Besides climate change, human rights and the pandemic, the two prime ministers also discussed the delicate topic of CETA, the free trade agreement between Canada and the EU. Despite a narrow majority vote from the Tweede Kamer, a majority of the Eerste Kamer has yet to confirm the deal.
"If you do not agree with a free trade agreement with a progressive, climate-oriented country like Canada, maybe you're not really a proponent of free trade after all," Trudeau said.
Opponents of CETA fear that the agreement will lead to a drop in working conditions, animal welfare and food safety.
Rutte said he hoped to continue working together in the future. "We set a goal to meet every two years as government leaders to support each other. This is the next step in the strong relationship between our countries," Rutte said.
Together Rutte and Trudeau later held an informal discussion with students at the Leiden University Campus.

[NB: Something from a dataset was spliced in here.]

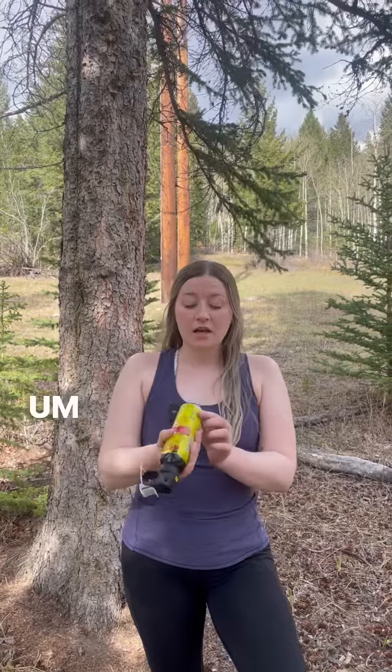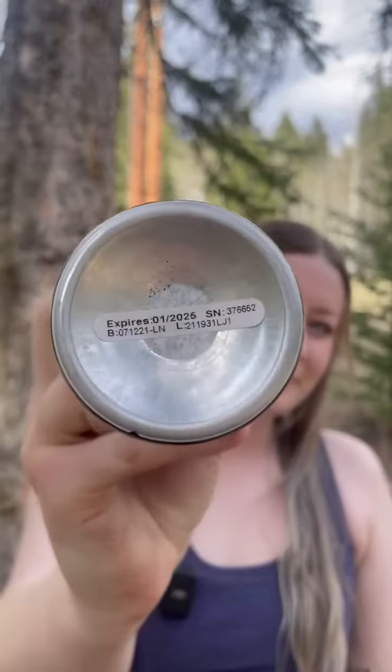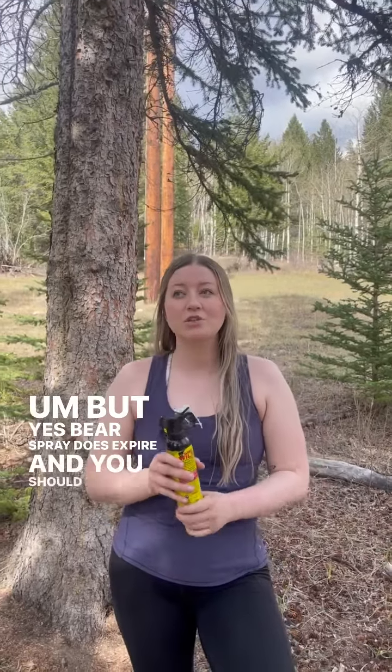The first thing you can do is check the expiry date. Oftentimes it's found on the bottom of the can. It could also be found along the side or here. Bear spray does expire and you should not rely on it after the expiry date.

Students asked questions, such as how the two countries plan to live up to the agreements made in the Paris Climate Agreement."We are often of the same mind; let's how this goes here," Rutte joked.
Rutte stated that they will also need the help of the private sector to reach their goals.
The prime ministers finished their day with a dinner in the restaurant Pastis in The Hague. "Thanks for the hospitality, Mark. May our friendship and the friendship between our two countries strengthen in the years ahead," Trudeau tweeted.
Both politicians will take part in the G20 summit in Rome on Saturday. The world leader will discuss climate change, economic recovery and the effects of the coronavirus pandemic.
On Sunday, the leaders will head to the UN climate conference COP26 in Glasgow.
The Dutch Minister has to return soon to the Netherlands for the Tuesday press conference, during which he will announce possible new coronavirus measures.